From the elevated points of outlook at the Water Gap the observer can gaze northward over the fertile and attractive hunting-grounds of the Minsis, the land of the Minisink stretching far up the Delaware, and from the Kittatinny over to the base of the Pocono Mountain. This is the region of the "buried valleys," remarkable trough-like valleys, made during an ancient geological period, and partially filled up by the _debris_ from the great glacier. From the Hudson River in New York, southwest to the Lehigh, and just beyond the Kittatinny range, two long valleys, with an intervening ridge, stretch across the country. The Delaware River, from Port Jervis to Bushkill, flows down the northwestern of these valleys, then doubles back on itself, and breaks through the intervening ridge at the remarkable Walpack Bend into the other valley, and follows it down to the Water Gap. The northwestern valley begins at Rondout on the Hudson, crosses New York State to Port Jervis, where the Delaware, coming from the northwest, turns to the southeast into it, occupying it for thirty miles to Bushkill, and then the valley continues past Stroudsburg, just above the Water Gap, to the Lehigh River at Weissport, below Mauch Chunk.

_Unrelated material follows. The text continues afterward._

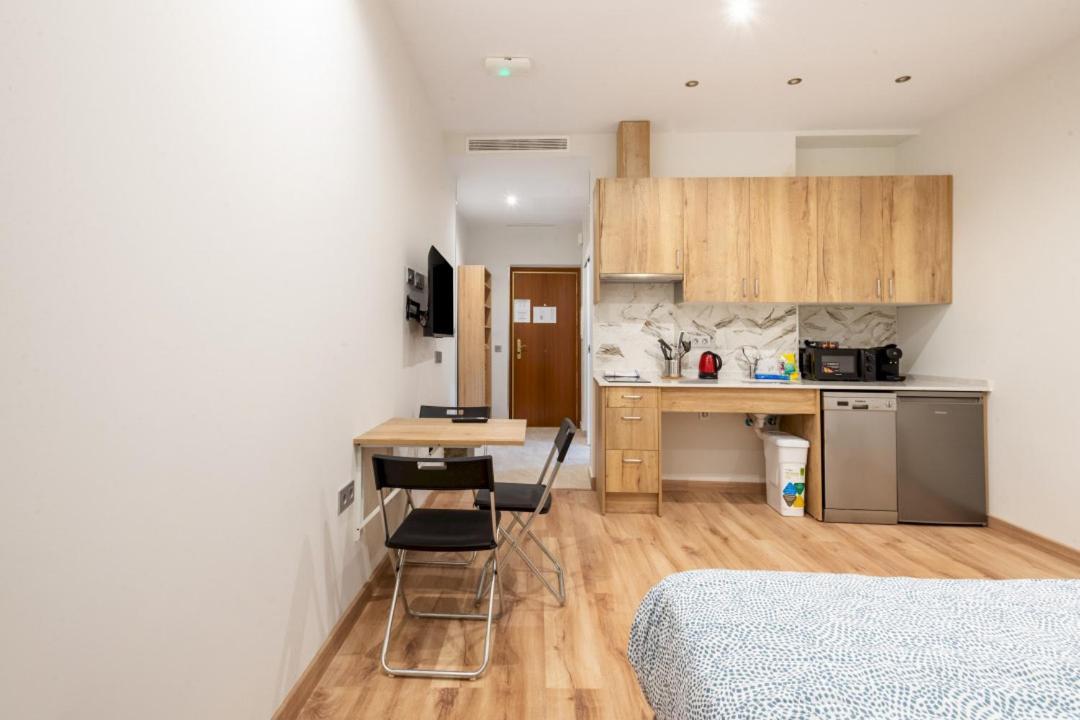 1 Bedroom 1 Bathroom Furnished - Justicia - Modern - Mintystay Madrid Exterior photo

The other valley is parallel to it at the base of the Kittatinny.

These valleys, underlaid by the shales as bed-rocks, have been filled up with drift by the glacier from one hundred to seven hundred feet in depth, and they const.i.tute the famous region of the Minisink.

In this fertile district was the earliest settlement made by white men in Pennsylvania, the Dutch from the Hudson River wandering over to the Delaware at Port Jervis through these valleys, and settling on the prolific bottom lands along the river, many years before Penn came to Philadelphia. They opened copper-mines in the Kittatinny, just above the Water Gap, and made the old "Mine Road" to reach them, coming from Esopus on the Hudson. The records at Albany of 1650 refer to specimens brought from "a copper-mine at the Minisink." The Provincial authorities at Philadelphia do not appear to have had any clear knowledge of settlers above the Water Gap until 1729, when they sent a surveyor up to examine and report, and he found Nicholas Depui in a snug home, where he had bought two islands and level land on the sh.o.r.e from the Indians some time before. Like the Dutch settlers above, Depui had no idea where the river went to. He was a French Huguenot exile from Holland, and, without disputing with the surveyor, he again bought his land, nearly six hundred and fifty acres, in 1733, from the grantees of the Penns. His stockaded stone house was known as Depui's Fort, and after him the Water Gap was long called "Depui's Gap." Old George La Bar was the most famous resident of the Water Gap. Three brothers La Bar, Peter, Charles and Abraham, also French Huguenots, lived near the Gap, and each married a Dutch wife. In 1808, however, this region became too crowded for them, and Peter, at the age of eighty-five, migrated to Ohio to get more room. When ninety-eight years old his wife died, and in his one hundredth year he married another out on the Ohio frontier, and lived to the ripe age of one hundred and five. Peter, when he migrated, left his son George La Bar at the Gap, where he had been born in 1763. George was the famous centenarian of Pennsylvania, who died at the age of one hundred and seven, being a vigorous axeman almost until the day of his death. He was too young for a Revolutionary soldier, but when the War of 1812 came he was too old. In 1869, at the age of one hundred and six, a visitor describes him as felling trees and peeling with his own hands three wagon-loads of bark, which went to the tannery. He never wore spectacles, always used tobacco, voted the straight Democratic ticket, and at every Presidential election from Washington to Grant, and could not be persuaded to ride on a railway train, regarding the cars as an innovation.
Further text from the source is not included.